[v2,3/5] mm: add "zero" argument to vmemmap allocators

Submitted by Pavel Tatashin on March 24, 2017, 7:19 p.m.

Details

Message ID 1490383192-981017-4-git-send-email-pasha.tatashin@oracle.com
State Changes Requested
Delegated to: David Miller
Headers show

Commit Message

Pavel Tatashin March 24, 2017, 7:19 p.m.
Allow clients to request non-zeroed memory from vmemmap allocator.
The following two public function have a new boolean argument called zero:

__vmemmap_alloc_block_buf()
vmemmap_alloc_block()

When zero is true, memory that is allocated by memblock allocator is zeroed
(the current behavior), when argument is false, the memory is not zeroed.

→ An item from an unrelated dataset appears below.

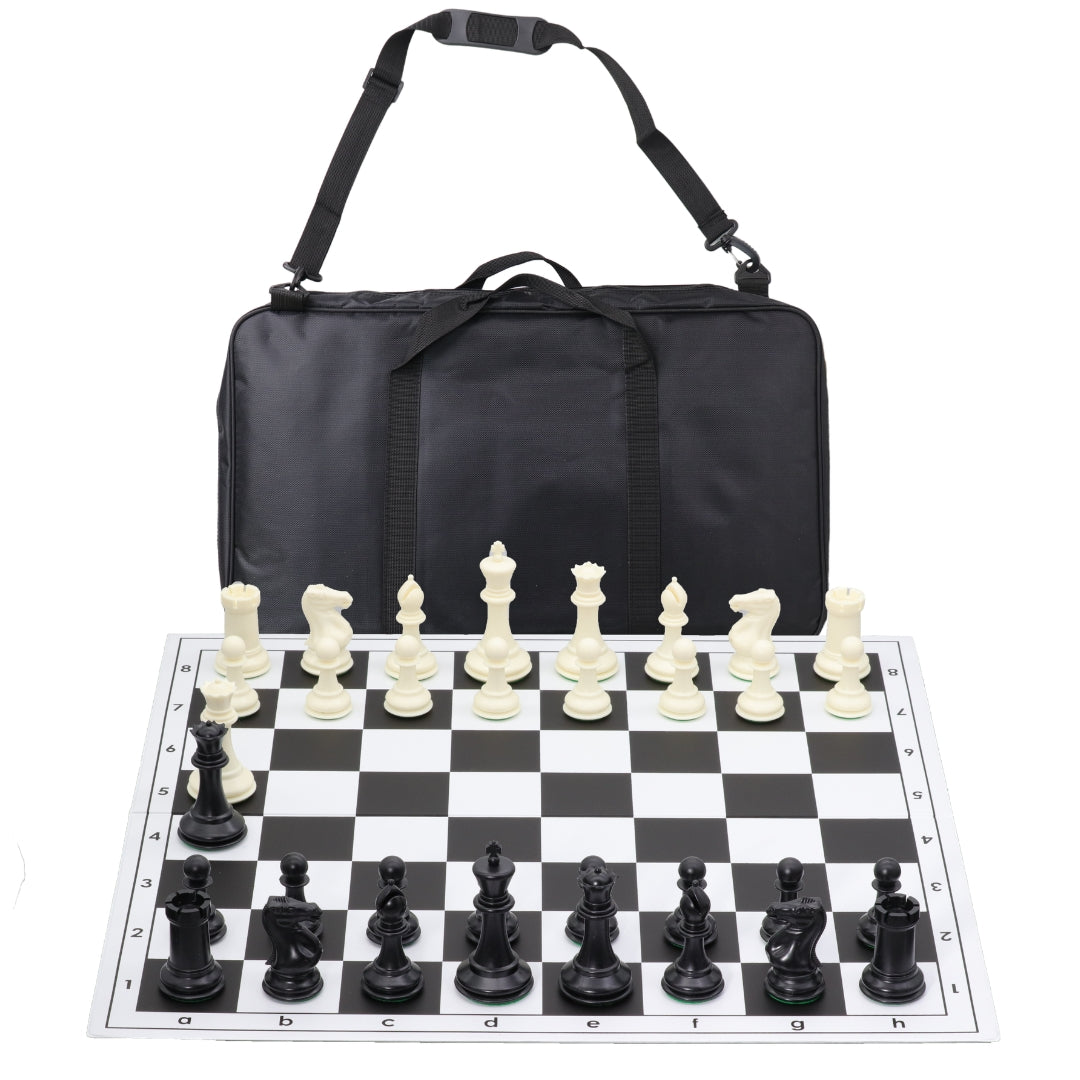 Hardback Folding Chess Set with Deluxe Canvas Bag | 57mm Squares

This change allows for optimizations where client knows when it is better
to zero memory: may be later when other CPUs are started, or may be client
is going to set every byte in the allocated memory, so no need to zero
memory beforehand.

Signed-off-by: Pavel Tatashin <pasha.tatashin@oracle.com>
Reviewed-by: Shannon Nelson <shannon.nelson@oracle.com>
---
 arch/powerpc/mm/init_64.c |    4 +-
 arch/s390/mm/vmem.c       |    5 ++-
 arch/sparc/mm/init_64.c   |    3 +-
 arch/x86/mm/init_64.c     |    3 +-
 include/linux/mm.h        |    6 ++--
 mm/sparse-vmemmap.c       |   48 +++++++++++++++++++++++++++++---------------
 6 files changed, 43 insertions(+), 26 deletions(-)

Comments

David Miller May 3, 2017, 2:34 p.m.
From: Pavel Tatashin <pasha.tatashin@oracle.com>
Date: Fri, 24 Mar 2017 15:19:50 -0400

> Allow clients to request non-zeroed memory from vmemmap allocator.
> The following two public function have a new boolean argument called zero:
> 
> __vmemmap_alloc_block_buf()
> vmemmap_alloc_block()
> 
> When zero is true, memory that is allocated by memblock allocator is zeroed
> (the current behavior), when argument is false, the memory is not zeroed.
> 
> This change allows for optimizations where client knows when it is better
> to zero memory: may be later when other CPUs are started, or may be client
> is going to set every byte in the allocated memory, so no need to zero
> memory beforehand.
> 
> Signed-off-by: Pavel Tatashin <pasha.tatashin@oracle.com>
> Reviewed-by: Shannon Nelson <shannon.nelson@oracle.com>

I think when you add a new argument that can adjust behavior, you
should add the new argument but retain exactly the current behavior in
the existing calls.

Then later you can piece by piece change behavior, and document properly
in the commit message what is happening and why the transformation is
legal.

Here, you are adding the new boolean to __earlyonly_bootmem_alloc() and
then making sparse_mem_maps_populate_node() pass false, which changes
behavior such that it doesn't get zero'd memory any more.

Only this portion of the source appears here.